At half-time, on your way to the queue for a pie, you walk past the bookies stand tempted for a flutter in the fifteen-minute window. Following the match, as you leave the stadium, more betting adverts on the big screen appear, you make your journey home once again listening to the radio. Regardless of the result, you scroll through your phone and social media, all applications laced with further odds for the midweek game or a dead certain fixture the following week.

In the 2019/20 football season half of Premier League clubs featured a betting company as their main shirt sponsor.

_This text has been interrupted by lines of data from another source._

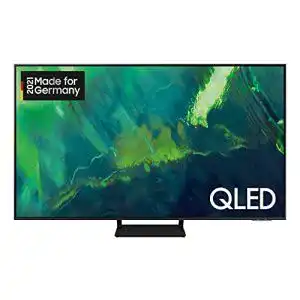 Samsung QLED 4K Q70A Fernseher 75 Zoll mit Quantum HDR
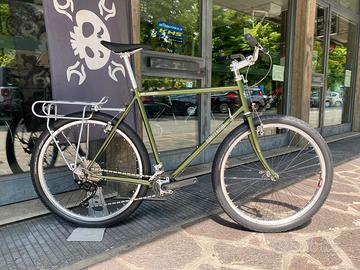 Brother Mr. Woodden , taglia L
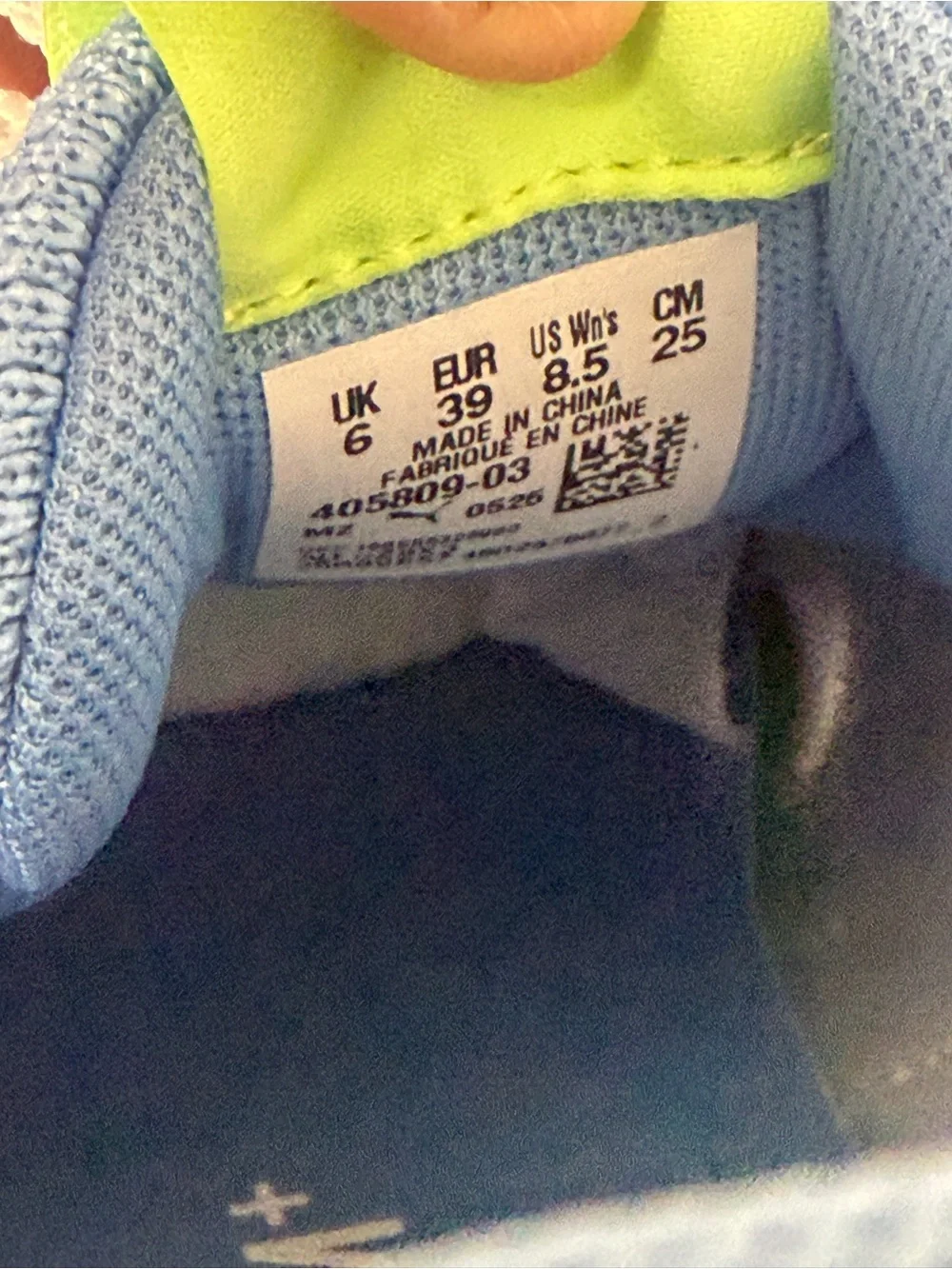 N/A unavailable not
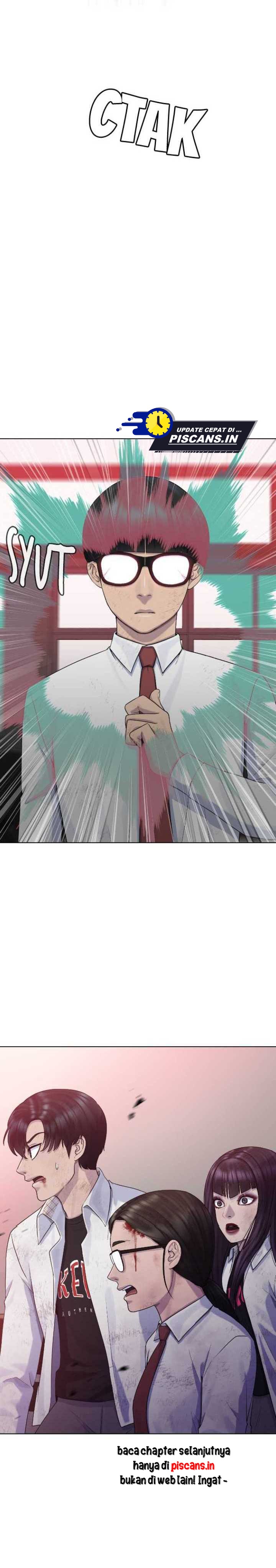 Hypnosis School Chapter 78 Gambar 2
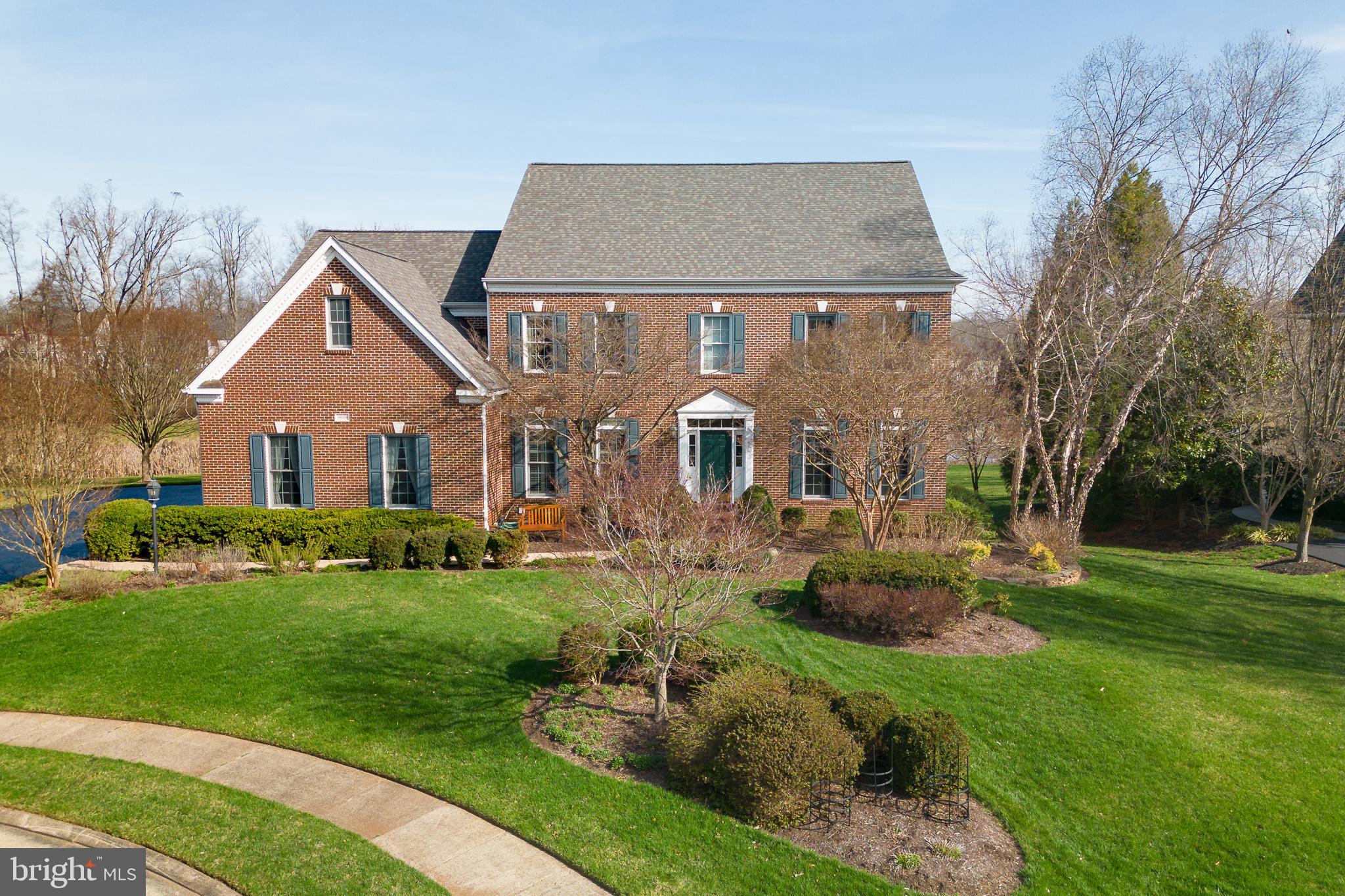 13004 HYLAMORE COURT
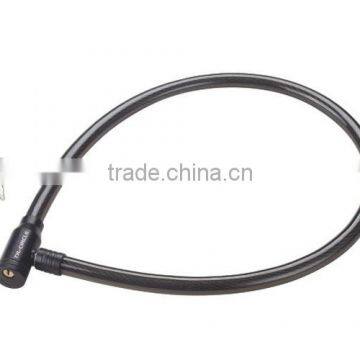 High Quality Tri-Circle Cable Locks TC478 photo-1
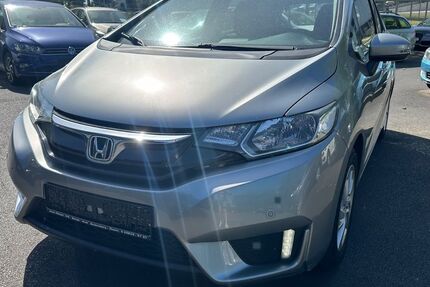 Honda Jazz 52.000 km 10.900 &euro; Kassel 34123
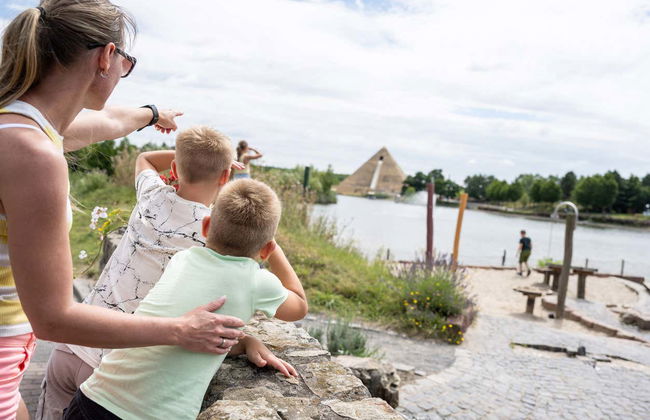 BELANTIS Park Ticket - Photo 12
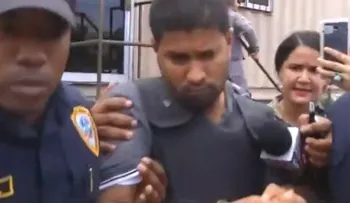 Conocerán este jueves medida de coerción a sacerdote acusado matar monaguillo Elvin Taveras Durán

Within the space of half a day the average sports fan has encountered an ample amount of betting advertisements across multiple platforms. In the 21st century, the age of the digital world, sports gambling has become normalised and somewhat integral to the enjoyment of the game.

Particularly within football, the advertisements are inescapable. This poses a particular problem for young people whose access to betting apps can become second nature.

Of course, the new digitised enjoyment of sport due to the pandemic, which is now consumed by fans through a screen, poses even more of a threat to gamblers or potential gamblers who have betting sites at their fingertips. This is further enhanced by betting advertisements which are present on screen for much of the build-up before, during and after a game.

Researchers at Goldsmith’s University, London found that gambling logos appeared on screen during the family friendly Match of the Day programme for between 71% and 89% of its running time. It is this exposure which makes gambling within the UK and football normalised into the subconscious realm when consuming sport. This is dangerous to the most vulnerable sports fans in society.

In the 2019/20 football season half of Premier League clubs featured a betting company as their main shirt sponsor. As rules to do with the advertisement of betting companies are strict abroad, foreign companies look to the Premier League to expose their brand. The UK, following the 2005 Gambling Act under Tony Blair’s government, has some of the most lenient gambling laws in the world.

Perhaps the UK can look to Australia and New South Wales who have banned betting sponsorship within stadiums hosting Big Bash League games to try and address its normalisation and raise awareness of the harms of gambling.

Cricket NSW are leading by example, wanting to promote a ‘family friendly’ experience of the game. The League recently formed a partnership with the NSW Office of Responsible Gambling for two years.

The UK can move towards a more family friendly way of consuming sport if laws on sports betting advertisements are stricter.

In 2019, UK advertisers implemented voluntary curbs on TV advertising which meant that there would be no gambling ads before 9pm. This took effect during the Ashes series of that year and was praised as a success.

However, without tighter, more enforceable laws from the government, sports betting is too accessible and normalised within society.

Official figures on spikes in gambling during the pandemic are not completely transparent but, as sport returned to our screens, betting on sport became a way of being actively involved in the game for fans who could only watch from their armchairs via a screen.

The UK can move towards a more family friendly way of consuming sport if laws on sports betting advertisements are stricter. However, the commercial wealth generated from sports gambling is estimated to be in its billions which is why some officials are reluctant to make drastic changes.

Even Cricket NSW, the pioneers of stricter laws on betting advertisements, lists Bet365 as one of its main corporate partners. It appears that, once again, generated wealth is held in higher stead than the safety of sports fans and to risk losing gambling revenue comes at too high a cost for the commercial sporting world.

Image: Lionel Roubeyrie via Flickr

One thought on “Can the UK look to New South Wales Cricket to curb its sports betting problem?

  • That’s great, but you haven’t actually said what’s wrong – sorry, “problematic” – with gambling.